Reflex is burton's technology for non-EST boards that allows the binding to flex left and right. It's like their hinge tech that is on some of their EST bindings.

If you have a channel board you should buy and EST binding, that is the binding that is supposed to go with the board.


----------



## readimag (Aug 10, 2011)

Lamps said:


> restricted products are only available in some stores, they usually have a different colour scheme and maybe some additional features, e.g upgraded ankle or toe strap on some models.
> 
> Reflex is burton's technology for non-EST boards that allows the binding to flex left and right. It's like their hinge tech that is on some of their EST bindings.
> 
> If you have a channel board you should buy and EST binding, that is the binding that is supposed to go with the board.


That is not not 100% true the Living Hinge is build into the disk along with removing material from the binding base giving you the reFlex binding. I think you are thinking of the Living Hinge for the hi-back that Burton uses on both EST and reFlex. The EST having the attaching points on the outside of the bindings means they have no base material and you can have more feel and lack of a better word collapse of the binding when you push down that reFlex also has just not as much. Now Burton released THE HINGE in some of its line this year or last year cant remember, that allows you to flex left and right or roll of your foot for better ollies. Hope this helps or maybe I totally lost everyone on this.


----------



## Lamps (Sep 3, 2011)

readimag said:


> That is not not 100% true the Living Hinge is build into the disk along with removing material from the binding base giving you the reFlex binding. I think you are thinking of the Living Hinge for the hi-back that Burton uses on both EST and reFlex.
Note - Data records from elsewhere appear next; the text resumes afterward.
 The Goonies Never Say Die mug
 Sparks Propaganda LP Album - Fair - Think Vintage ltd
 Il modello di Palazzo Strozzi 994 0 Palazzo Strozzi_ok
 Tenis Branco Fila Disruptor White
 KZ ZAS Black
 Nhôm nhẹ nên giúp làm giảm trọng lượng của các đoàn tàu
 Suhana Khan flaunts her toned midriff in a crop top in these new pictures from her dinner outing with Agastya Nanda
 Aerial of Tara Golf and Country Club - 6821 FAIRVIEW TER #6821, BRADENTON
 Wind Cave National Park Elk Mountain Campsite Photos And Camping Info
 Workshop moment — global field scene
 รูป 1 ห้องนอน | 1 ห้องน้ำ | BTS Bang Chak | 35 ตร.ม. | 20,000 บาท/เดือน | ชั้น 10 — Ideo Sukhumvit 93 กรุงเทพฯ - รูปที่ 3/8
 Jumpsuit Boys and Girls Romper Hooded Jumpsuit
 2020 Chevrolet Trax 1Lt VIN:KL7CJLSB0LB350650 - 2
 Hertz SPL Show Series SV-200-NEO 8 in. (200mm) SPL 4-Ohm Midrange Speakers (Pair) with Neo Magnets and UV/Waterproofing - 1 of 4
The EST having the attaching points on the outside of the bindings means they have no base material and you can have more feel and lack of a better word collapse of the binding when you push down that reFlex also has just not as much. Now Burton released THE HINGE in some of its line this year or last year cant remember, that allows you to flex left and right or roll of your foot for better ollies. Hope this helps or maybe I totally lost everyone on this.


no, i meant the hinge, which increases flex left to right on some EST bindings, which is similar the reFlex tech, which is on non EST bindings. ReFlex discs have a ridge down the middle so they can flex with the board.


----------



## kusanagi (Sep 16, 2012)

Lamps said:


> restricted products are only available in some stores, they usually have a different colour scheme and maybe some additional features, e.g upgraded ankle or toe strap on some models.
> 
> Reflex is burton's technology for non-EST boards that allows the binding to flex left and right. It's like their hinge tech that is on some of their EST bindings.
> 
> If you have a channel board you should buy and EST binding, that is the binding that is supposed to go with the board.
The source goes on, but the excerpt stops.